A House-Senate conference committee has agreed to cut $200 million from the Bush Administration's $1.7 billion fiscal 2004 budget request for the International Space Station (ISS), according to congressional sources.

The conference committee adjourned late Nov. 19 without completing an "omnibus" package that includes several FY '04 appropriations bills, including the one that would fund NASA. But congressional sources told The DAILY that the conferees have finished their work on the NASA portion of the legislation. The conference committee was trying late Nov. 20 to finish the overall measure.

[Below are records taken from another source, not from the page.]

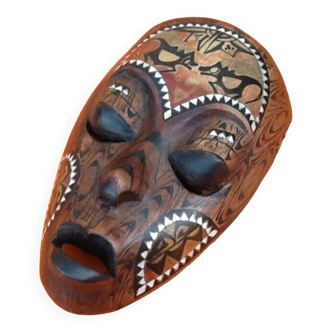 Masque à suspendre  Africain / Tribal  Bois sculpté incrusté de nacre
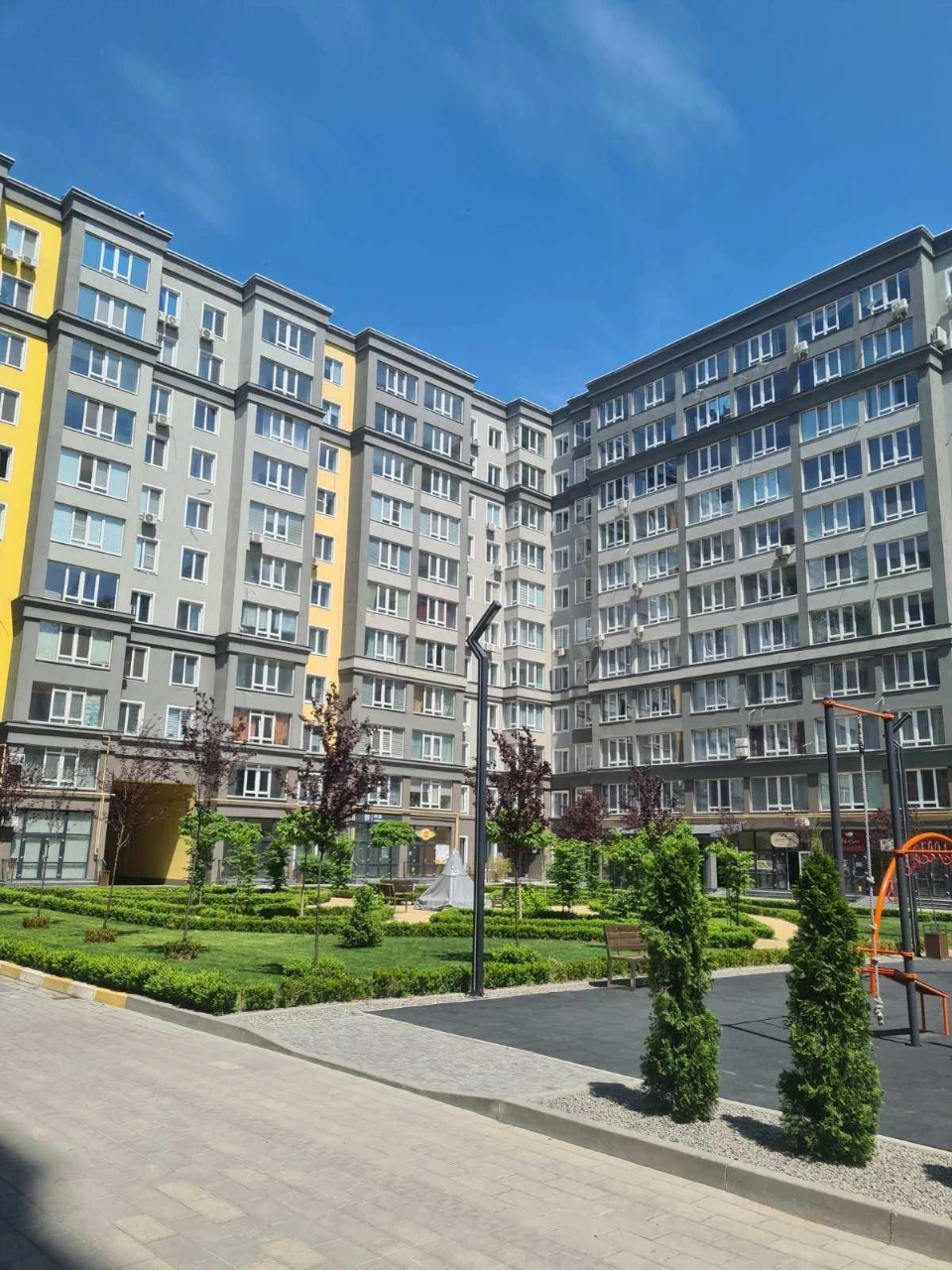 Терміново продається квартира з балкою!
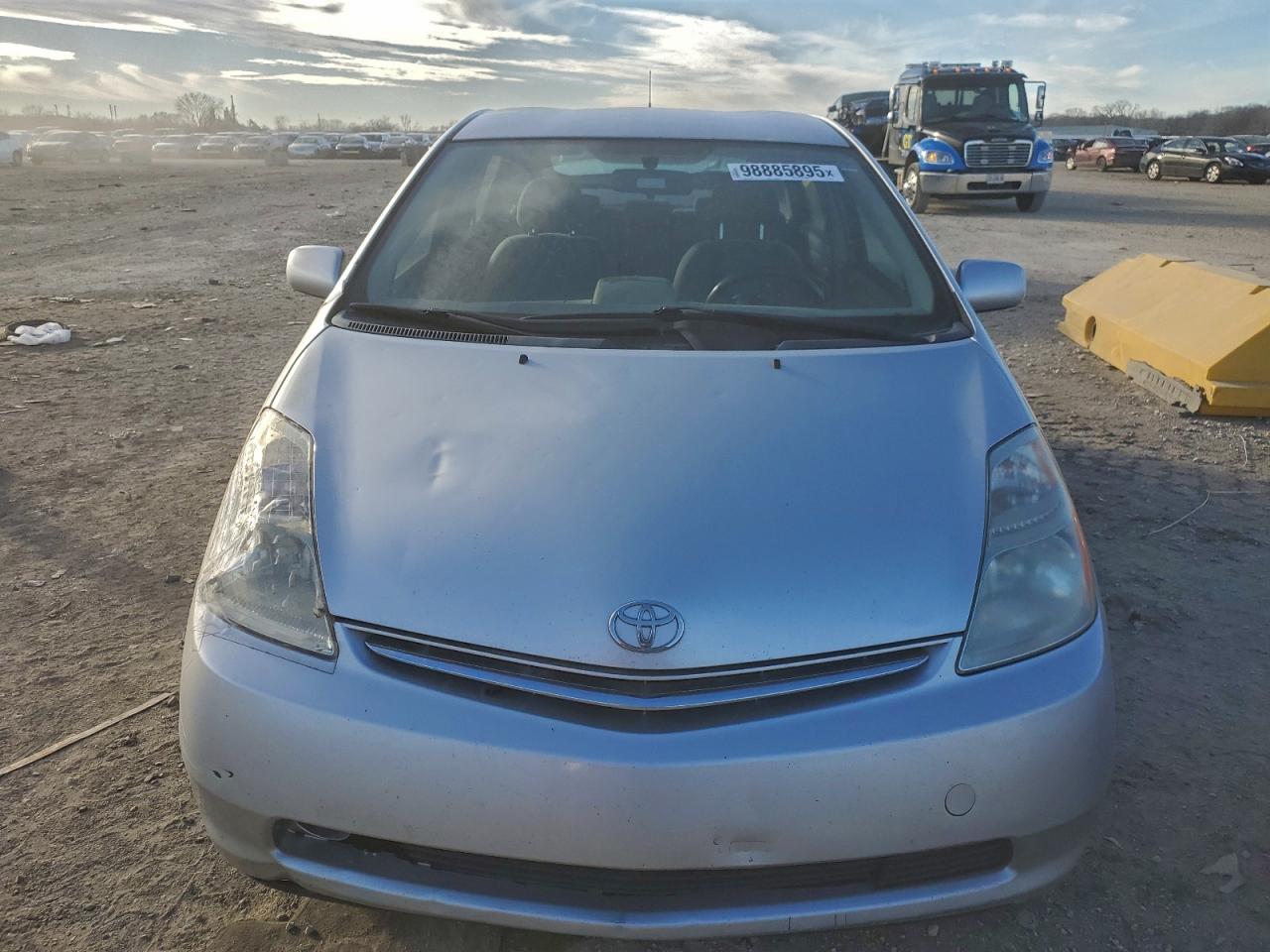 Toyota Prius Image 12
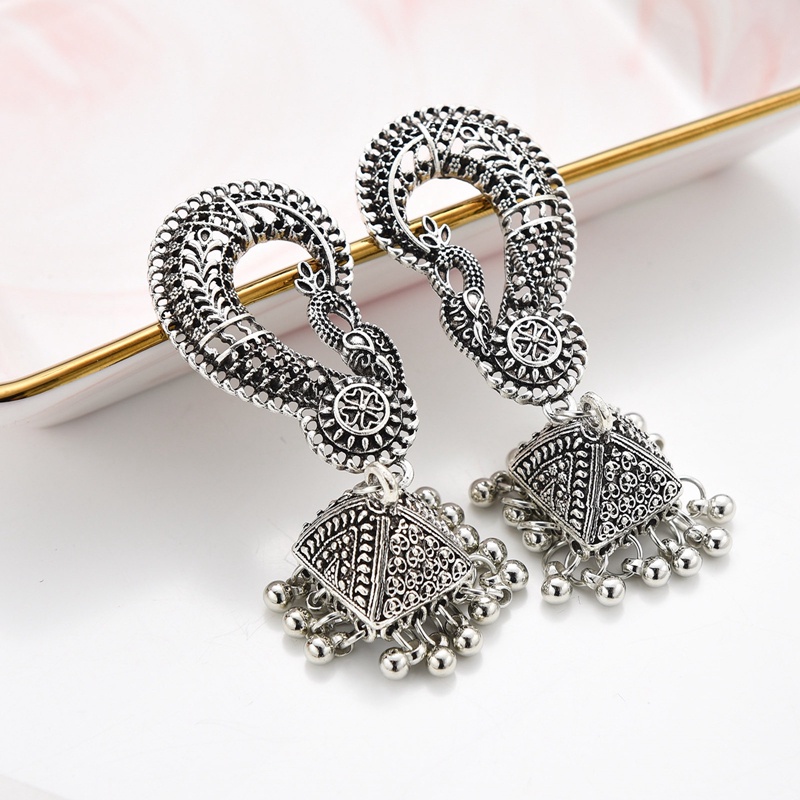 Anting Rumbai Warna Silver Gaya Vintage Bohemian Tibet Untuk Wanita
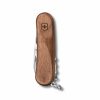 La Cortapluma Evolution Wood 11 Funciones Victorinox 2.3801.63, inspirada en el diseño clásico de Victorinox, presenta un mango de madera adornado con un emblema de cruz y escudo de metal. Esta multiherramienta presenta varias funciones, entre ellas, un sacacorchos y una hoja de cuchillo, que encarnan la combinación perfecta de funcionalidad y estilo.
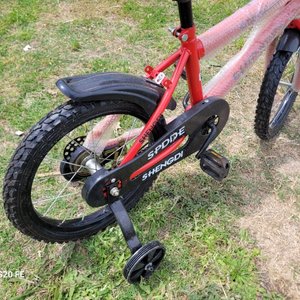 Bicicleta Infantil Roja con Canasto y Rueditas de Apoyo - imagen 5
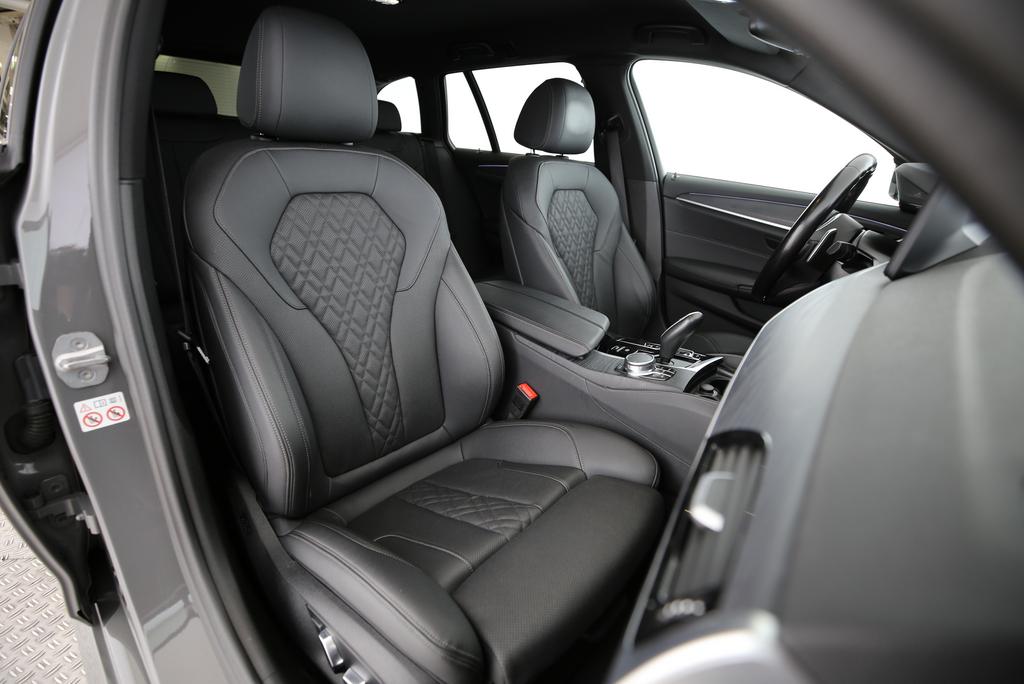 BMW 530e xDrive SAG Touring-image-14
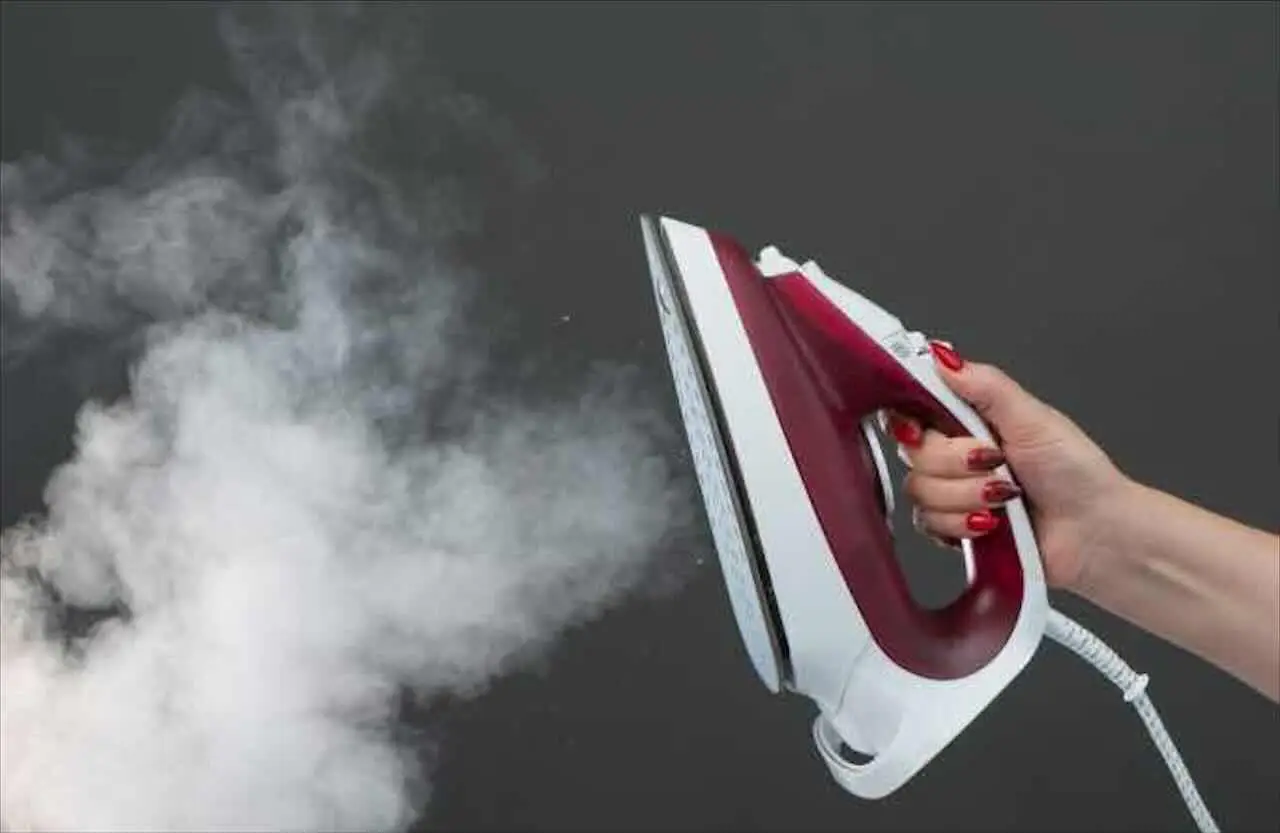 Il nuovo passatempo che appassiona tutti: crea oggetti sorprendenti con perline e ferro da stiro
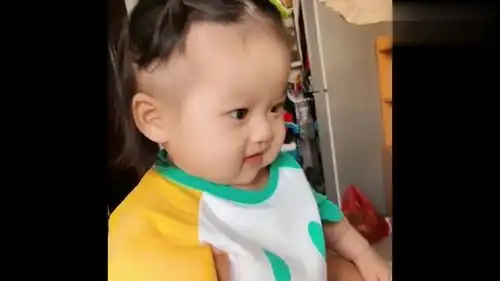 5个月的宝宝被妈妈夸完之后,就是这个小表情,眼前一幕萌翻了
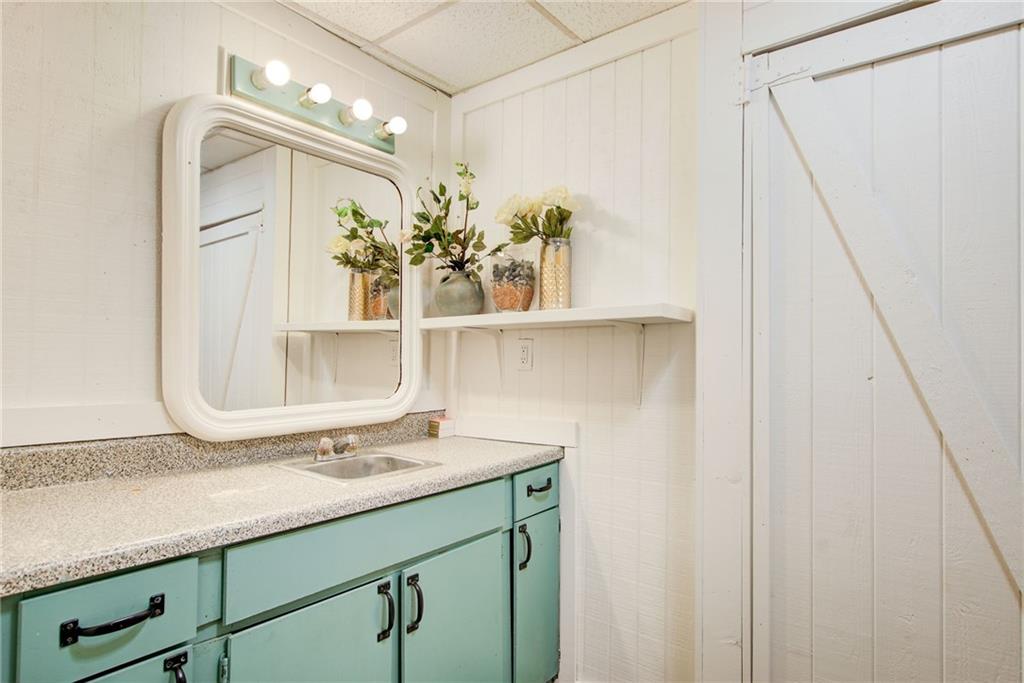 8176 E Highway 5 Property Photo 25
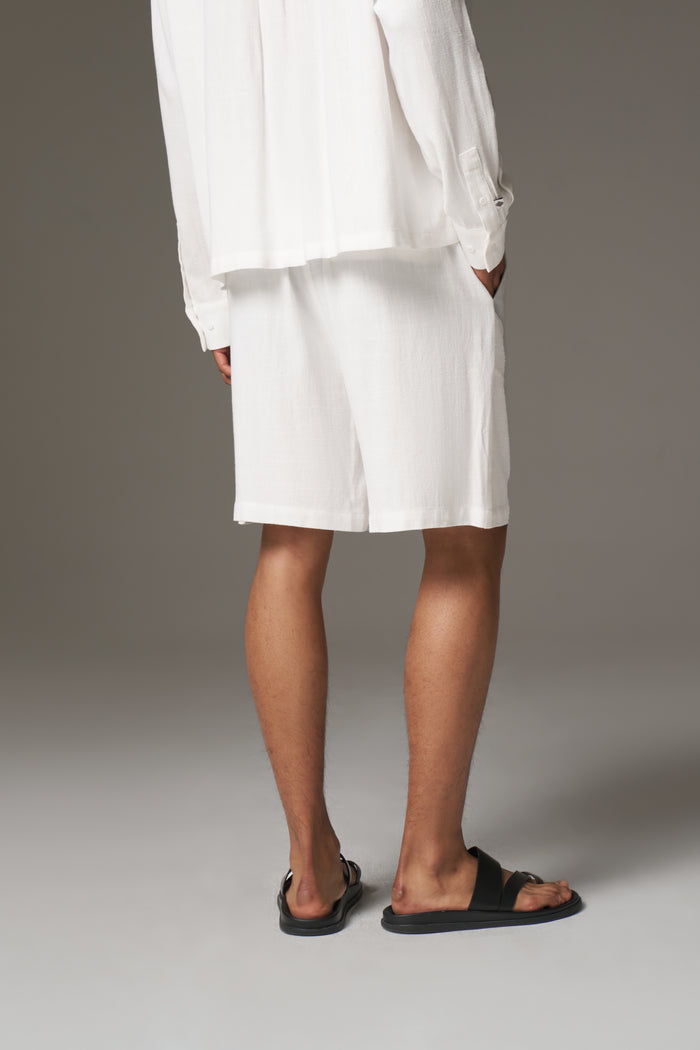 TEXTURED WOVEN SHORTS - WHITE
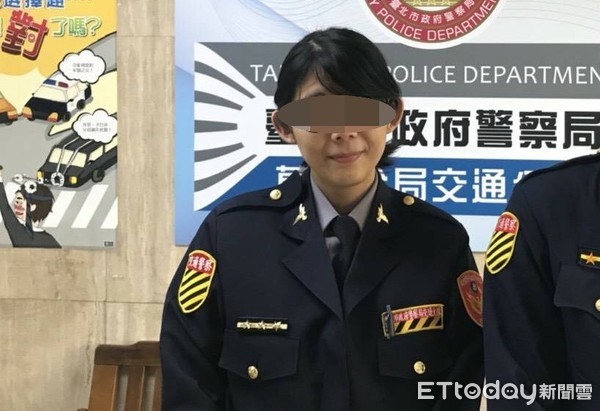 ▲▼ 女警曾經熱心協助清理馬路掉落物，今卻因熱心替人保養槍枝吃子彈受罰。（圖／記者邱中岳翻攝）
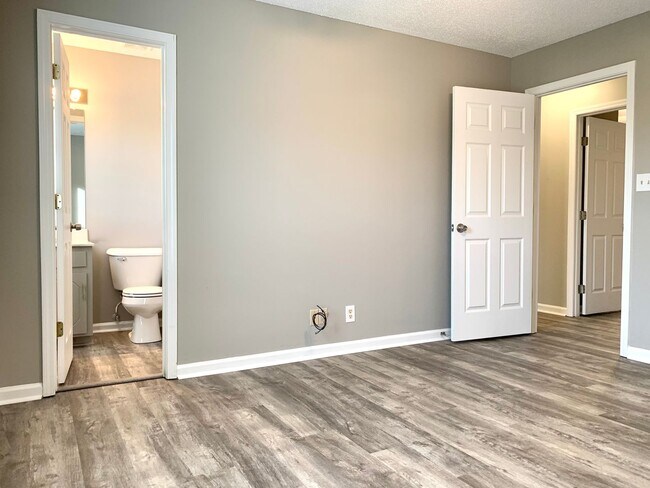 Building Photo - 1936 Timberline Cir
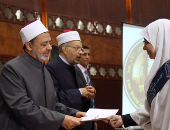 الإمام الأكبر يكرم الطلاب الأوائل بالثانوية الأزهرية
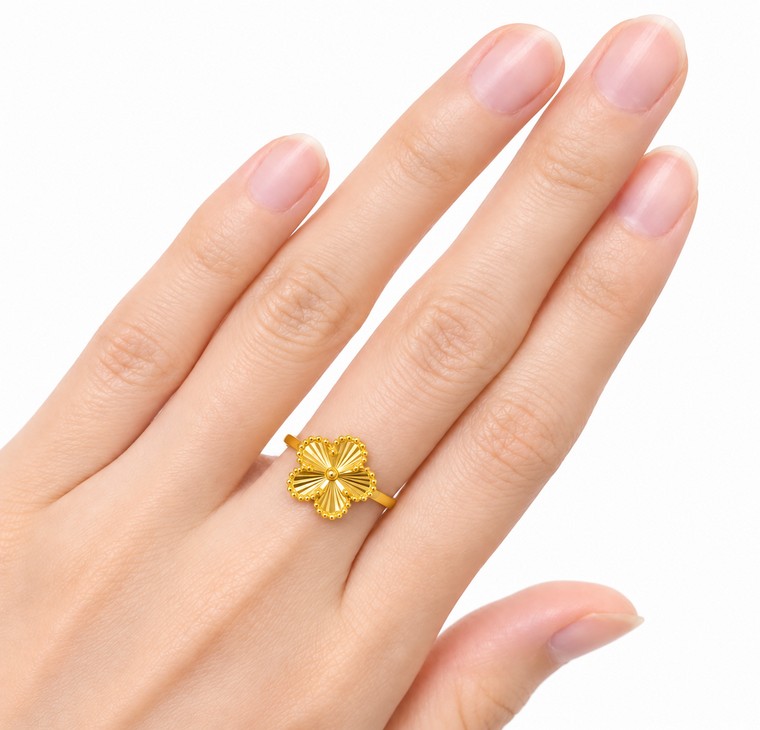 Merchant9 Cincin Emas Sakura Flower L:1.1CM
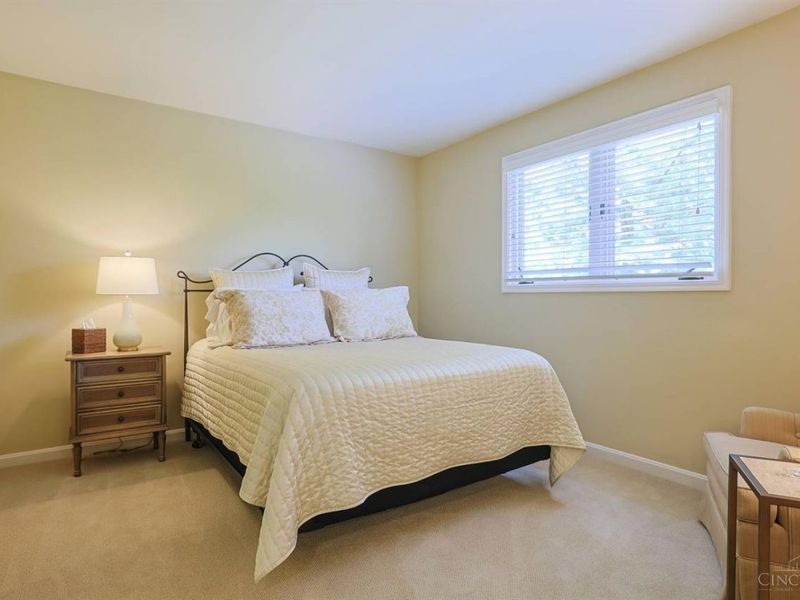 9832 Village View Court, Blue Ash, OH 45241 Photo 26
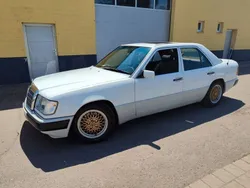 Weiß Gebraucht 1989 Mercedes E200 Limousine | 6.900 €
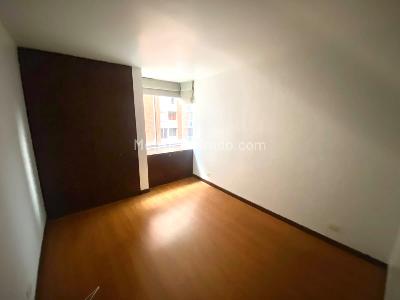 Apartamento de 3 alcobas en venta en Mazuren Alejandria, Bogotá, 94 m² · foto 6 de 17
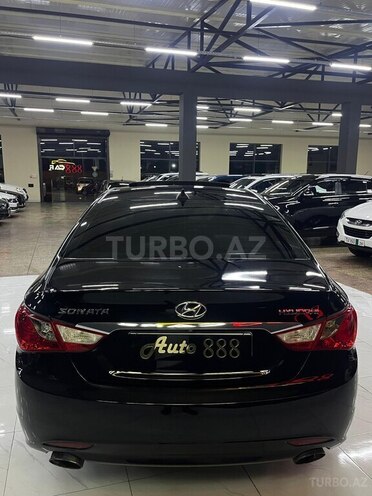 Hyundai Sonata-4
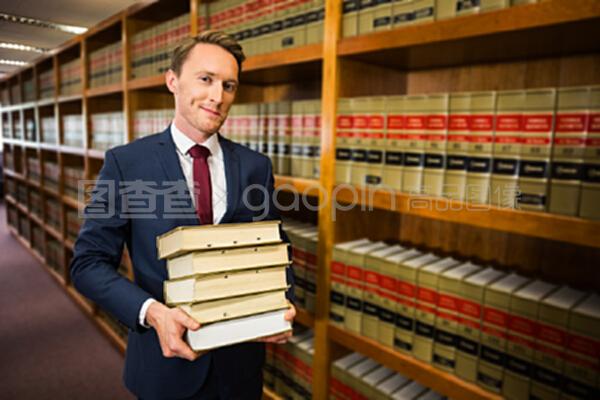 法律图书馆里英俊的律师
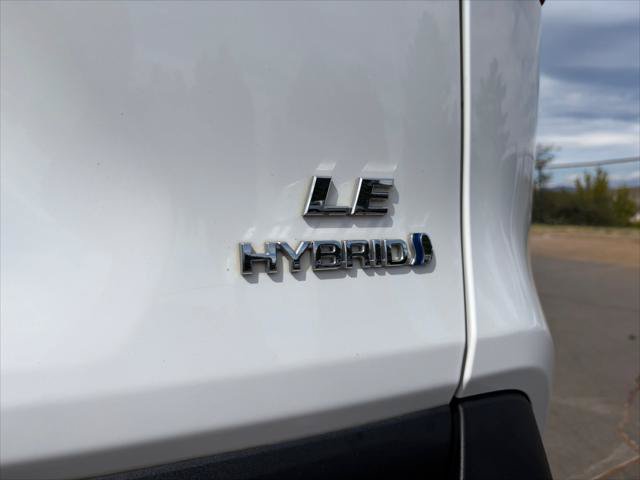 Certified 2024 Toyota RAV4 LE AWD/4WD image 23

The Senate, which proposed the $200 million cut for the ISS, insisted on keeping the reduction in the final legislation, partly on the grounds that restoring the funds would have caused painful reductions in other programs. Senators have also insisted that the ISS program could absorb the cut because the station's construction has been halted while the space shuttle has been grounded.

The Administration objected to the Senate proposal, saying it would deplete critical reserves and limit the program's ability to address the effects of the shuttle's grounding (DAILY, Nov. 17).

A congressional source said the conference committee rejected a proposal by House authorizers to put NASA's Orbital Space Plane (OSP) program on hold. Leaders of the House Science Committee have proposed delaying the space plane's development until the government comes up with a vision for space exploration (DAILY, Nov. 13). But other lawmakers have insisted that the program needs to go forward.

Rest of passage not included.